### WHAT IS REQUIRED
Word for word, restate the lines of the listing below from the line with "肩の敬酒服の娘の高級感があります" through the line with "Udanypobyt Dom Z Ogrodem Zakopane", and do not include the pictures.

RECORDS SUPPLIED Block Start

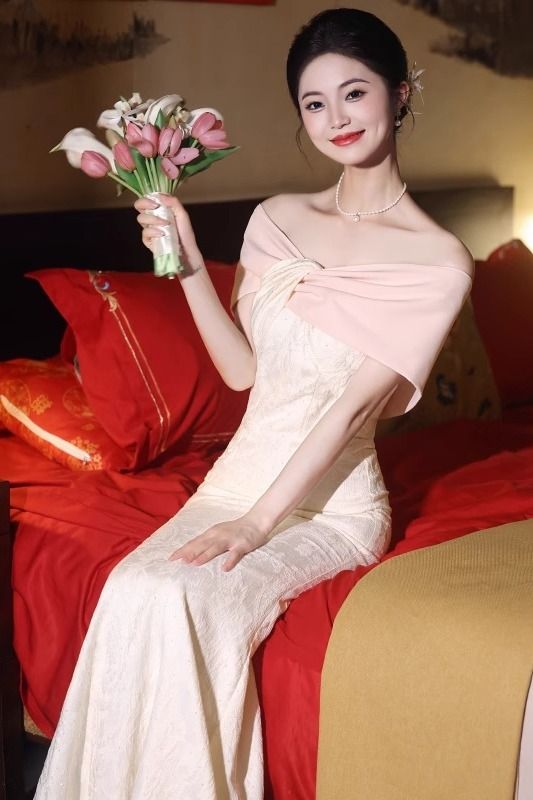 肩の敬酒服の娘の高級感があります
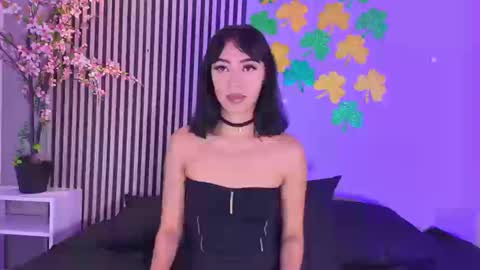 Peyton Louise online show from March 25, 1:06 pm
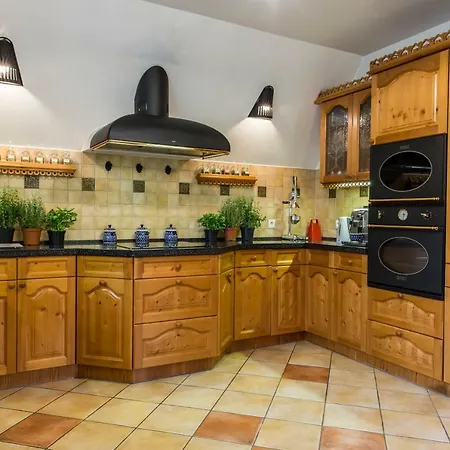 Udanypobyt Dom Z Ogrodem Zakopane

RECORDS SUPPLIED Block End
RECORDS SUPPLIED Block Start

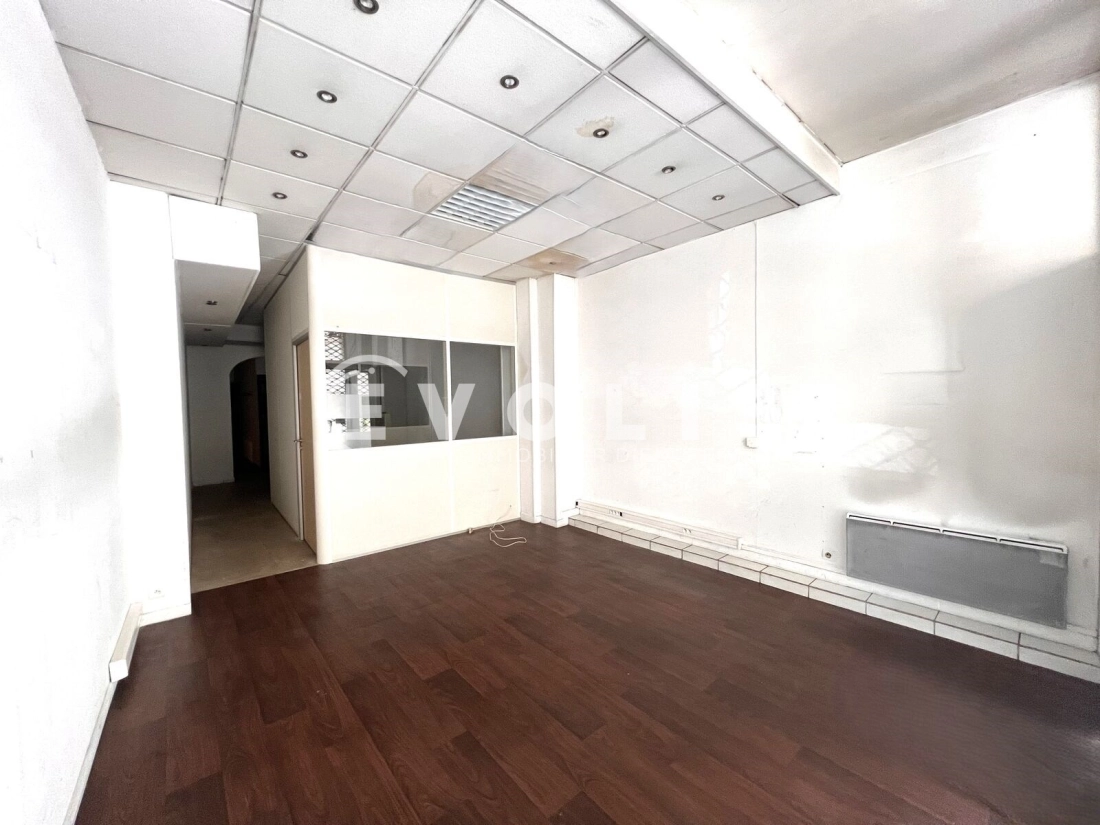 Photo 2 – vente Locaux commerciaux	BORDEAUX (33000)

RECORDS SUPPLIED Block End
RECORDS SUPPLIED Block Start

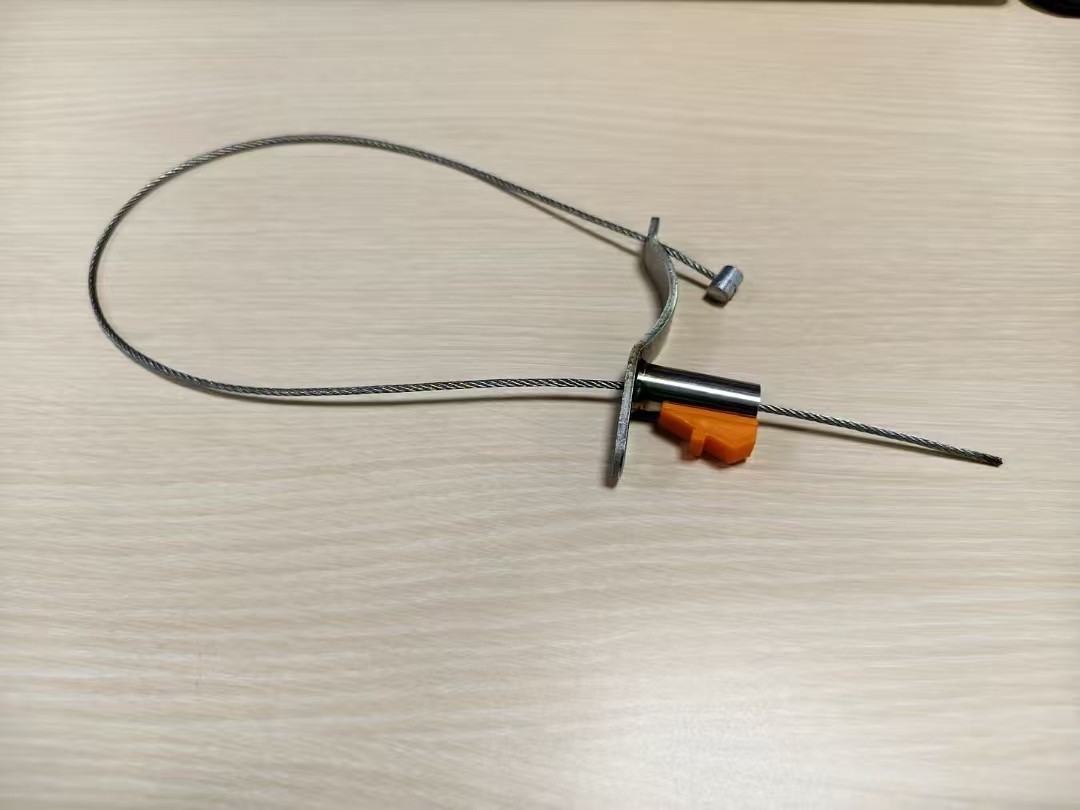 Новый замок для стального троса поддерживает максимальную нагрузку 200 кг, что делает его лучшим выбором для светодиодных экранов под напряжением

RECORDS SUPPLIED Block End

### REPLY TO THE TASK
 肩の敬酒服の娘の高級感があります
 Peyton Louise online show from March 25, 1:06 pm
 Udanypobyt Dom Z Ogrodem Zakopane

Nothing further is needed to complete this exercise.